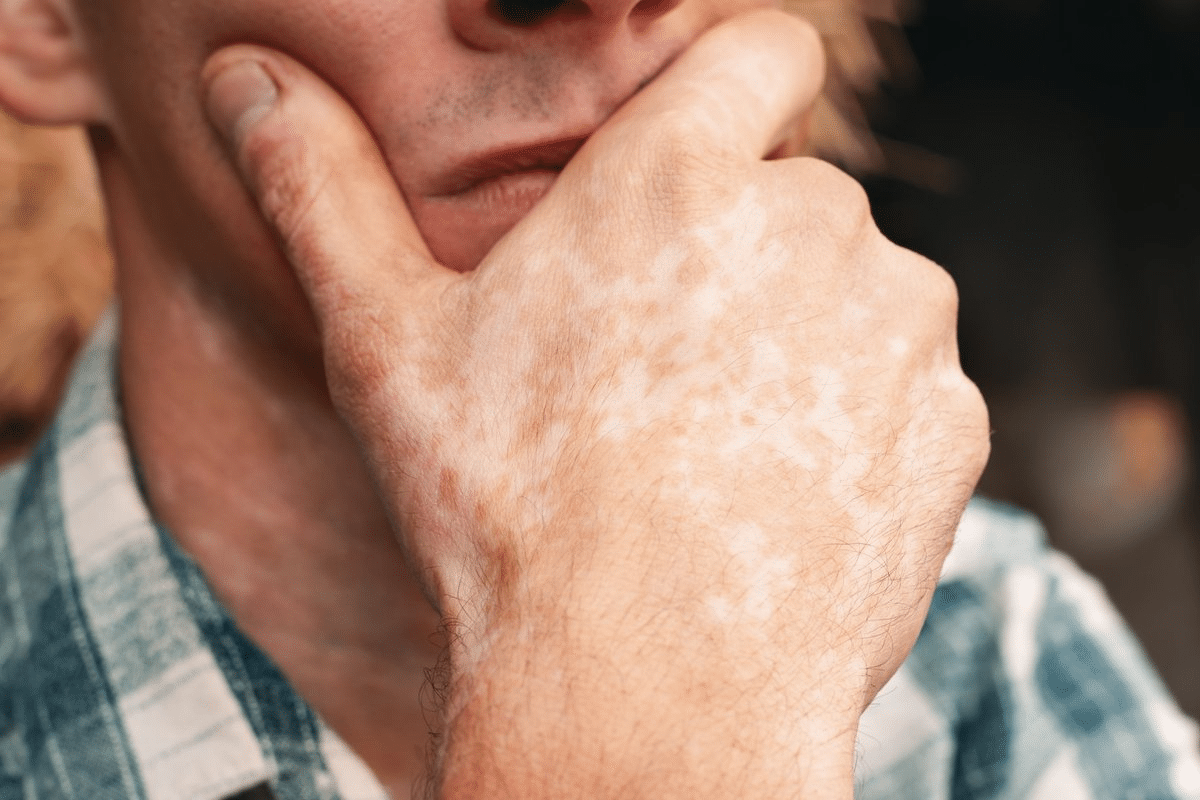 Essential Autoimmune Rash On Neck: Which Diseases?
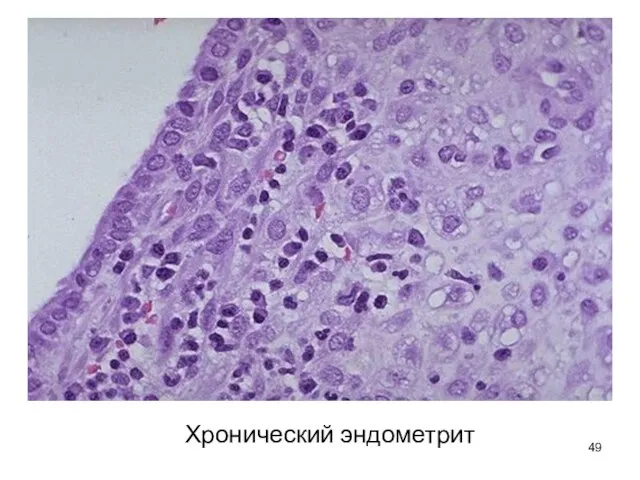 Хронический эндометрит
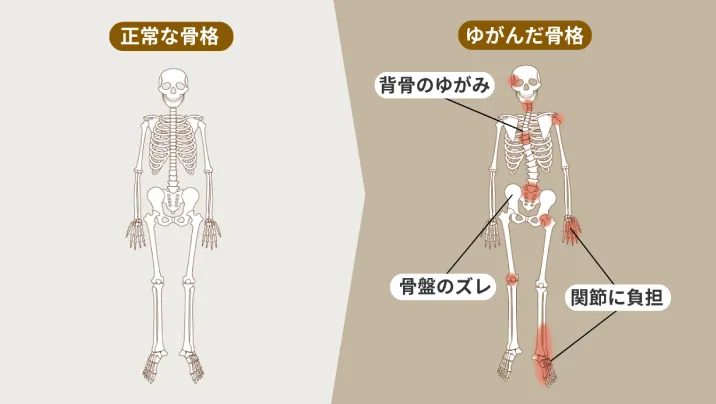 構造（姿勢・骨格のズレ）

■ ■ ■ ■ ■ ■ ■

## TASK TO CARRY OUT:
Print the listing exactly, pictures excluded.

## RESPONSE FOR THIS EXERCISE:
 Essential Autoimmune Rash On Neck: Which Diseases?
 Хронический эндометрит
 構造（姿勢・骨格のズレ）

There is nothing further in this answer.